There were five in our family and now there are only two and we aren't friendly.  I'll be alone this Thanksgiving and Christmas.  I should probably start volunteering with the Salvation Army now, so when the holidays come around I'll have a place for myself serving turkey to the lost souls who don't have anywhere else.  That's what the S.A. is for.....some of the lost ones stand in line for their dinner and other ones stand behind the steam tables ladling out that dinner.


----------



## AprilSun (May 31, 2019)

Aunt Bea said:


> These days I spend the holidays alone with my memories and a few special treats that make the holidays special for me.
> 
> I have been invited to a few holiday celebrations but I always decline, I would much rather be alone than be the _odd duck_ at someone else's table.layful:nthego:





RadishRose said:


> I'm like Aunt Bea, would rather stay home alone than to be the "odd duck".

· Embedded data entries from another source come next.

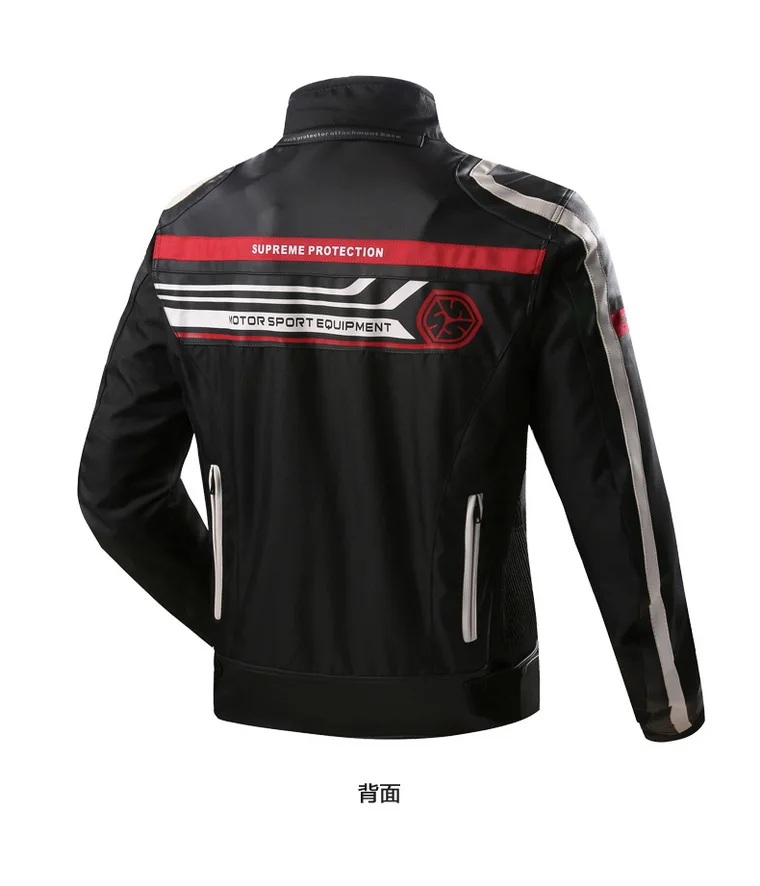 SCOYCO moto cross moto rbike ride куртка брюки мото гоночные костюмы борьба мото rcycle одежда брюки P027 куртки JK37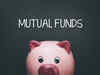5 mutual funds that fell less than the Nifty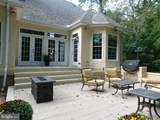 28 Baltray - Photo 5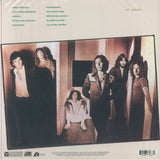 FOREIGNER Head Games Analogue Productions US Format: gatefold 180 gram audiophile vinyl 2xLP - punk to funk heaven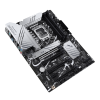 Материнская плата ASUS PRIME Z790-P LGA1700 4xDDR5 4xSATA3 Raid 3xM.2 HDMI DP ATX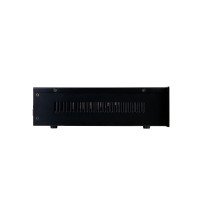 Блок управления конференц-системы CleverMic CCU3203M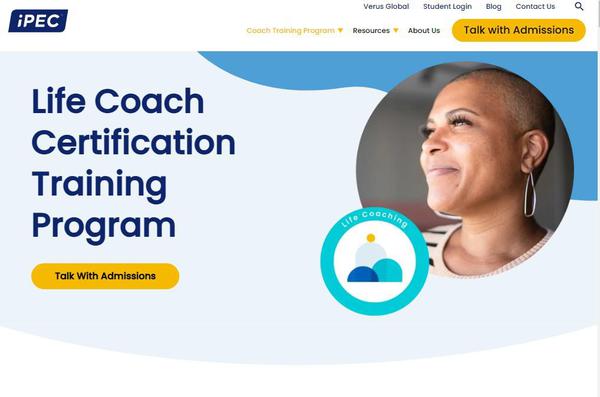 AWeber life coach comparison article banner AWeber life coach comparison article banner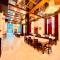 Hotel Outtown Manali - #near mall road #premium rooms #parking #lift #open terrace #cafe #guest preferred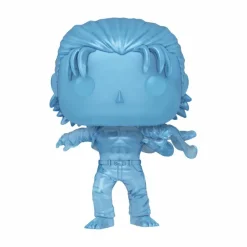 Pop! & Tee Sets><noscript><img width=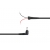 przewód do ładowarki / zasilacza  Asus (4.0x1.35)-32707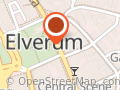 Studentsamfunnet I Elverum
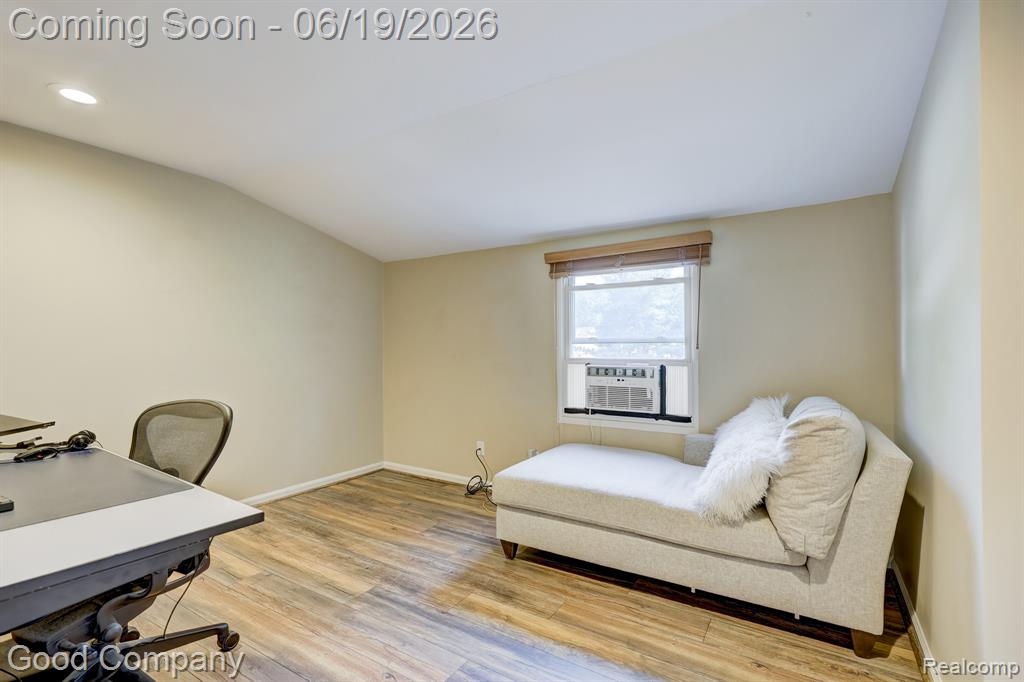 540 W Breckenridge Street, Ferndale, MI 48220 — Photo 23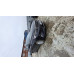 Geely EMGRAND Comfort 1.5 AT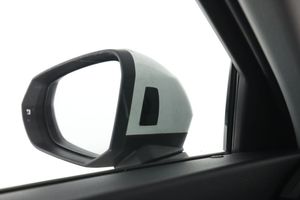 Audi Q3 bild 38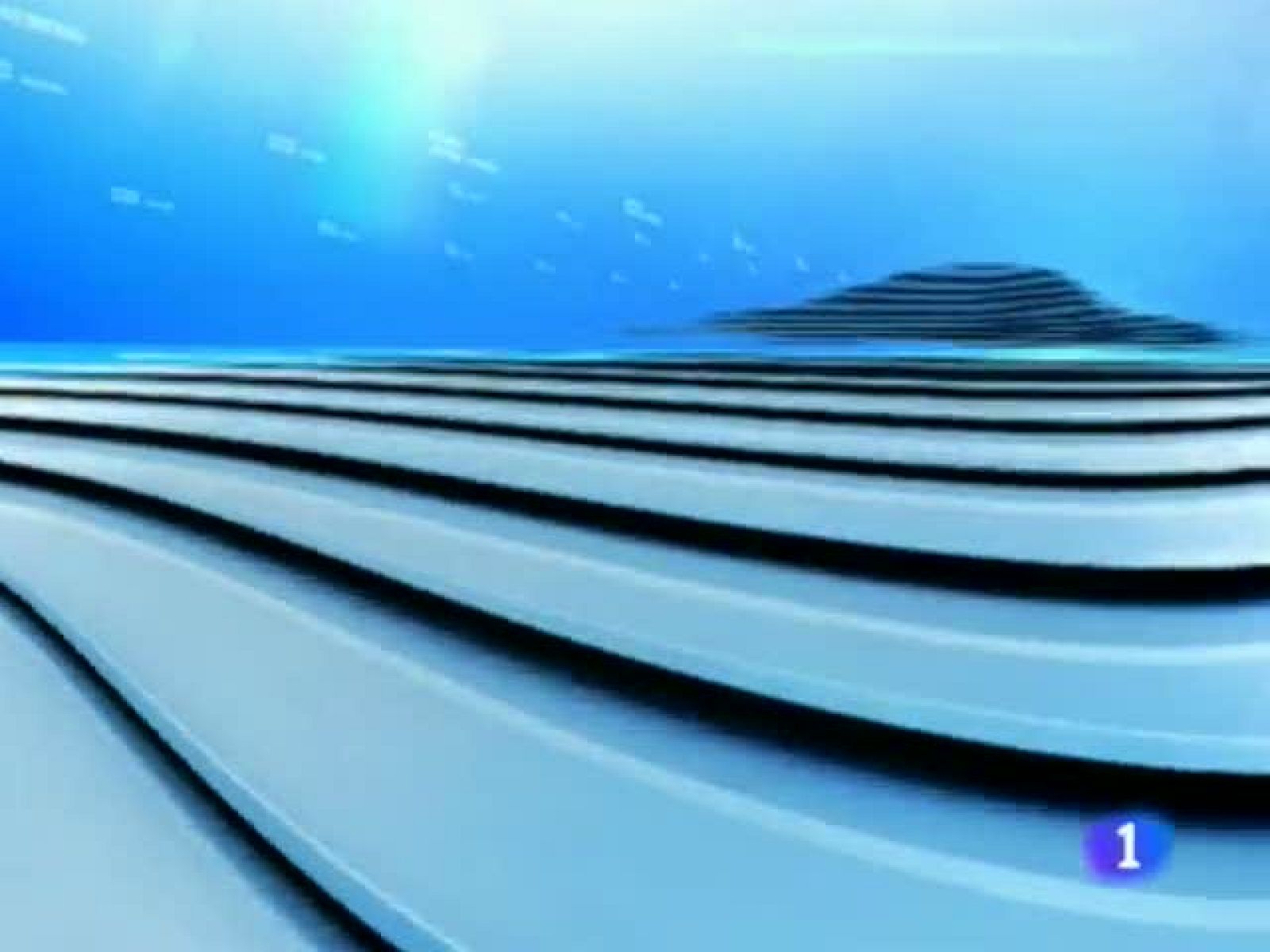 La Región de Murcia en 2'. (03/02/2012).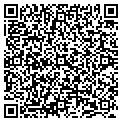 QR code with Modern Object contacts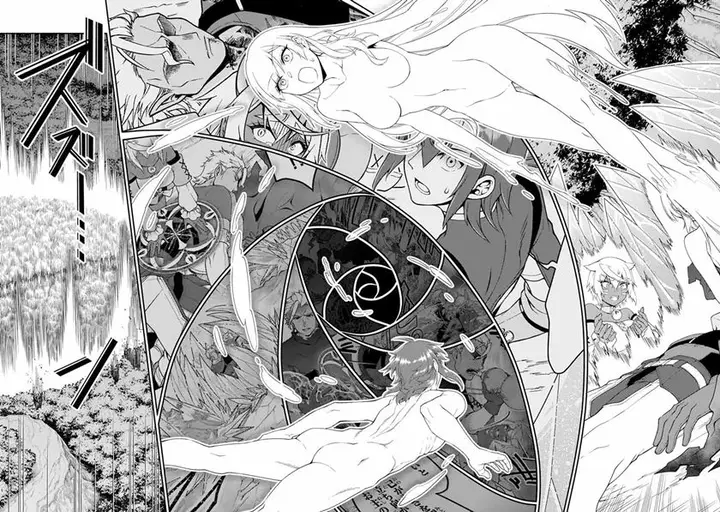 image-komik-lv2-kara-cheat-datta-moto-yuusha-kouho-no-mattari-isekai-life-chapter-31-14/33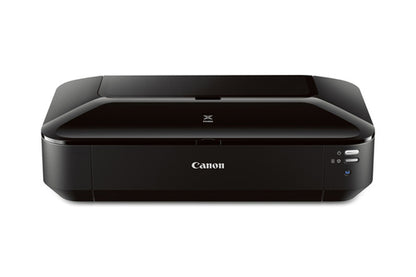 PIXMA IX6820 14.5/10.4IPM 9600DPI WL USB 13X19 5CLR AIRPRINT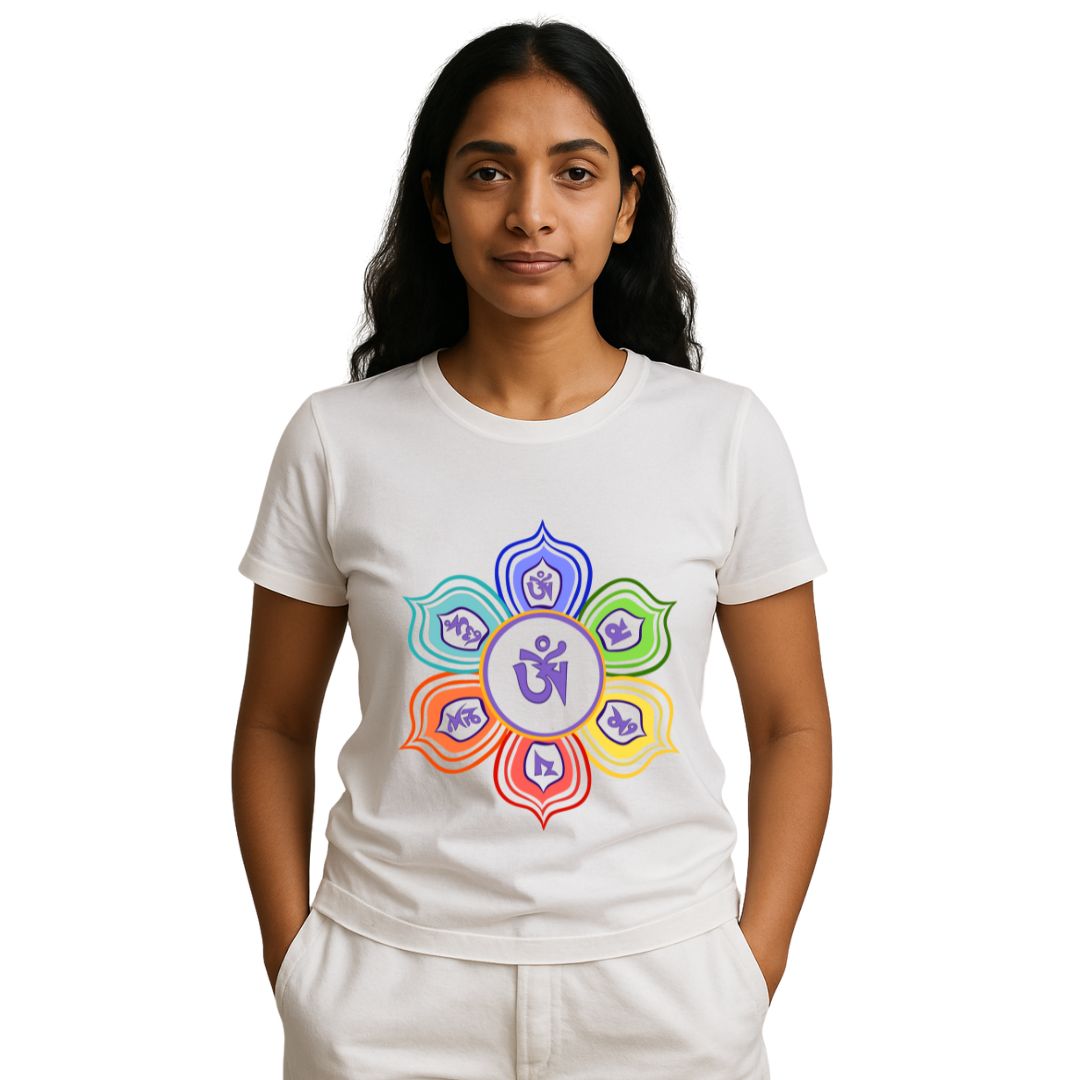 Wishing Well T-Shirt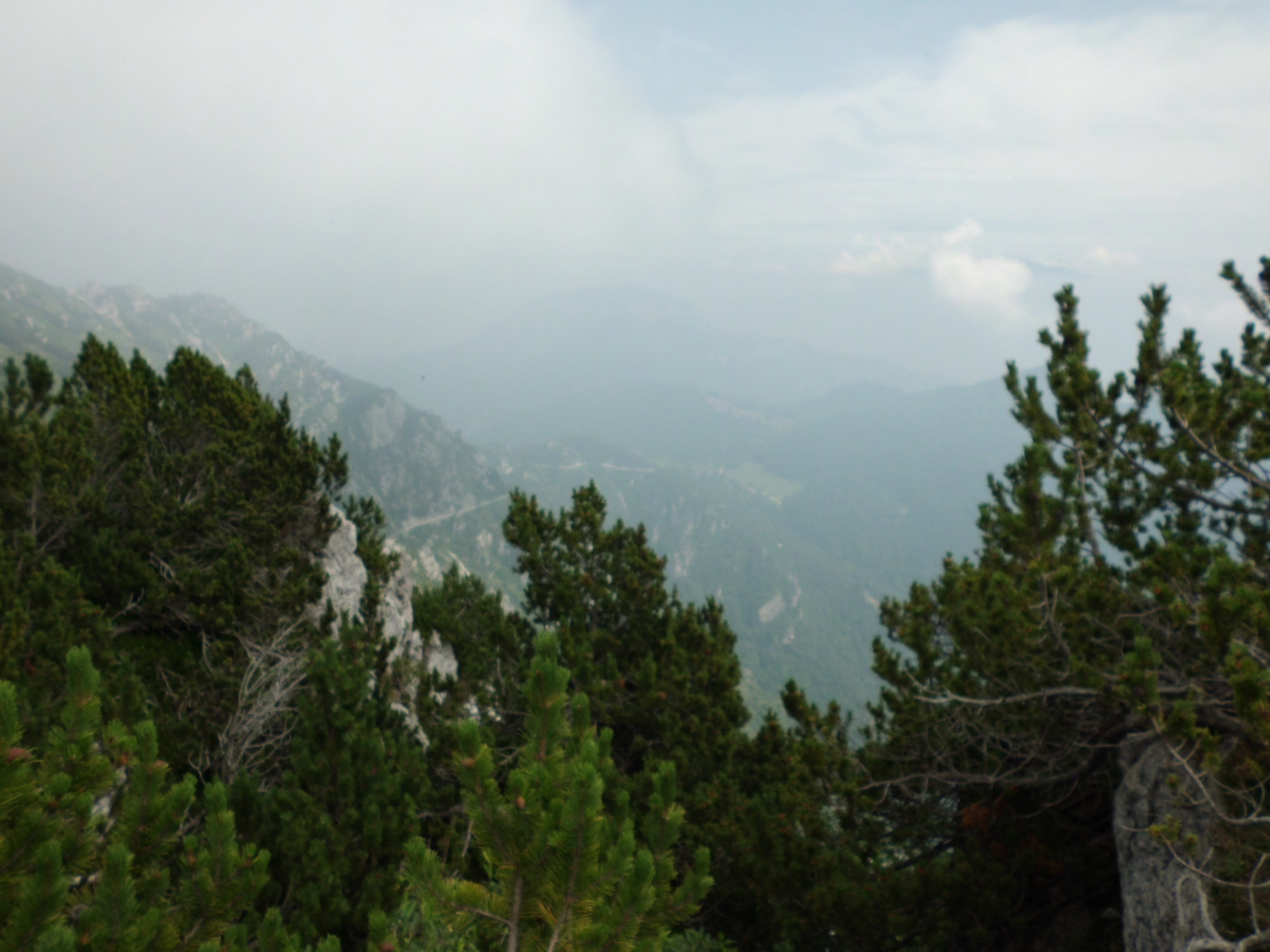 Transalp_20160721_006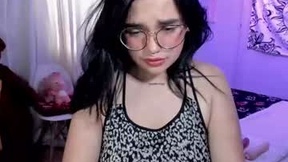 Recent Screenshot of  tigerlily__1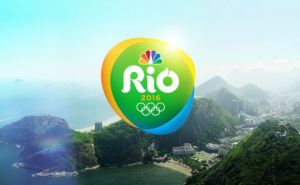 На Олимпиаду в Бразилию отправились 11 спортсменов из Луганской области
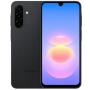 Smartphone Samsung Galaxy A18 4GB/ 128GB/ 6.7'/ 4G/ Negro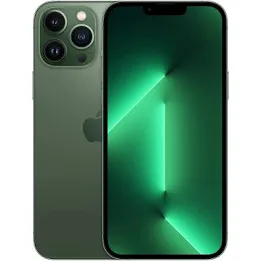Iphone 13 Pro 128GB Like New 98% 96129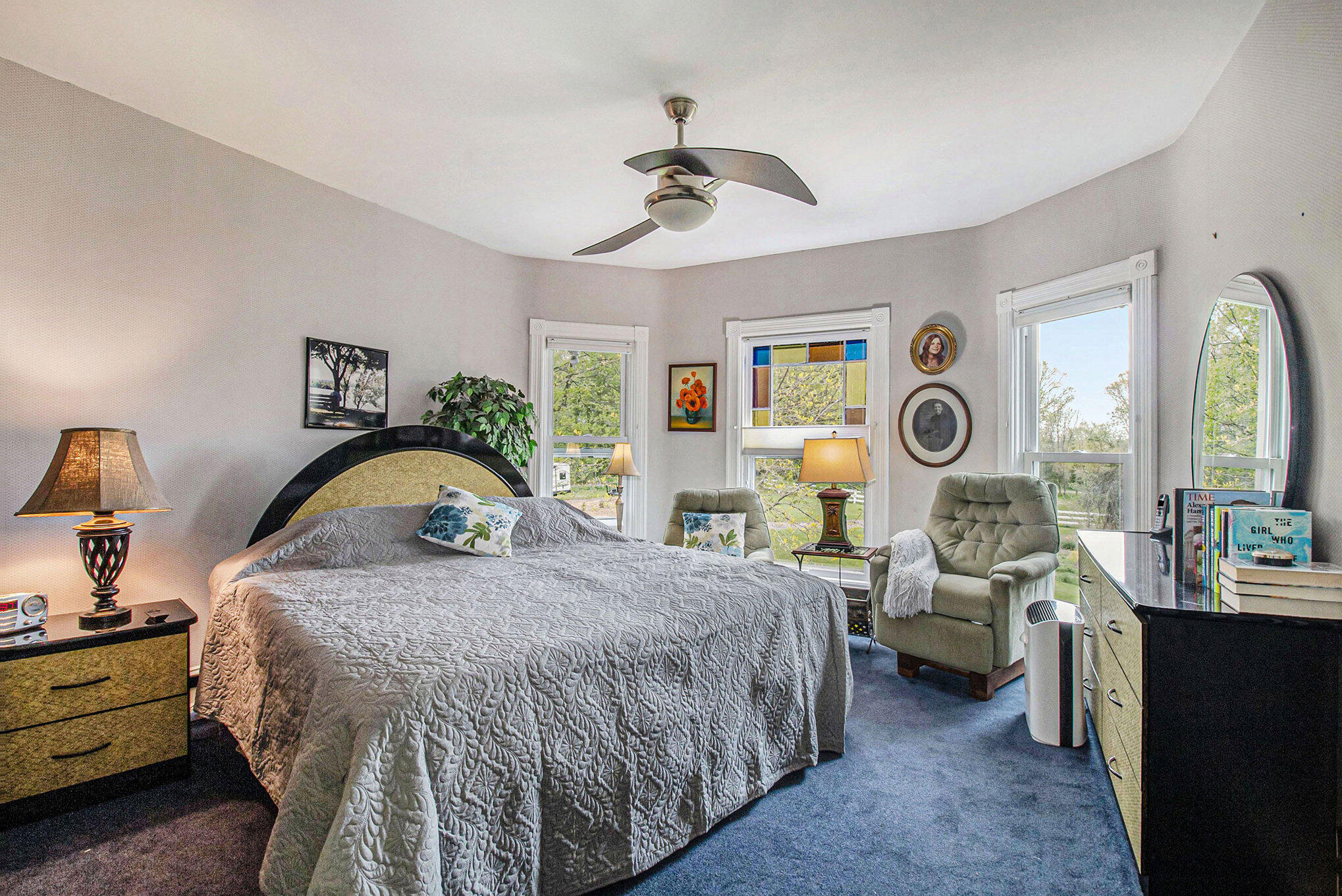 7940 North Territorial Road Dexter, MI 48130 - Photo 37 of 87 038_img_7512_0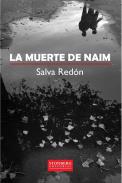 La muerte de Naim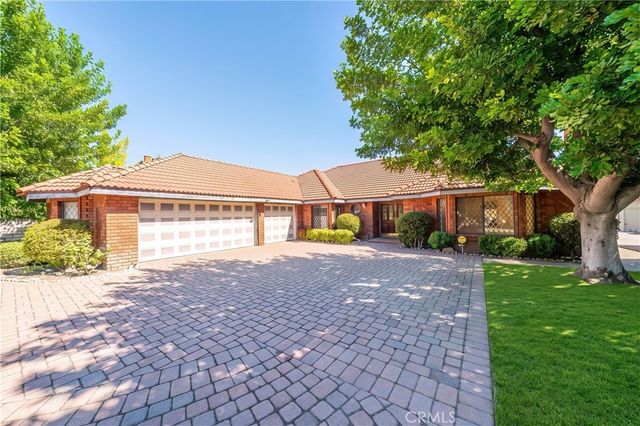 1926 S 2nd Avenue, Arcadia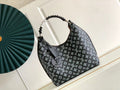 Satchel Bags - VL Bags - 1819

Both of you sound like me. Ever since my husband passed away, the thoughts of going to an event like that does not appeal to me. Like both of you, I don't like feeling like the "odd one". I have been asked several times to go to these events but I have turned down the invitation each time and stayed at home which I enjoyed so much better than being there and feeling so odd and out of place.


----------



## moviequeen1 (May 31, 2019)

Every Thanksgiving/xmas when my siblings&I were growing up we would have grandparents,cousins,family friends over for delicious meals,fun time together
When my parents moved to a retirement community in Hanover,NH in '92, I could never get off from work to go be with them during the holidays,saw them  during summer vacations or they would come home for a visit
Since my parents are no longer with us, almost every Thanskgiving  I spend a couple days with my brother &family who live in Rye,NY{burb of NYC} Its always tricky flying out of Buffalo in NOV,not knowing if a snowstorm will cancel my plans
I stay here for Christmas,I spend xmas day afternoon with my close friends who live 2 blocks away


----------



## retiredtraveler (May 31, 2019)

We purposely stay in Chicago area as most of our combined families live in this area (otherwise I'd be 1000 miles away). So, we have some holidays, siblings have some, wife's siblings have some. The 'hassle' with these holidays is that there are so many people --- multiple generations.


----------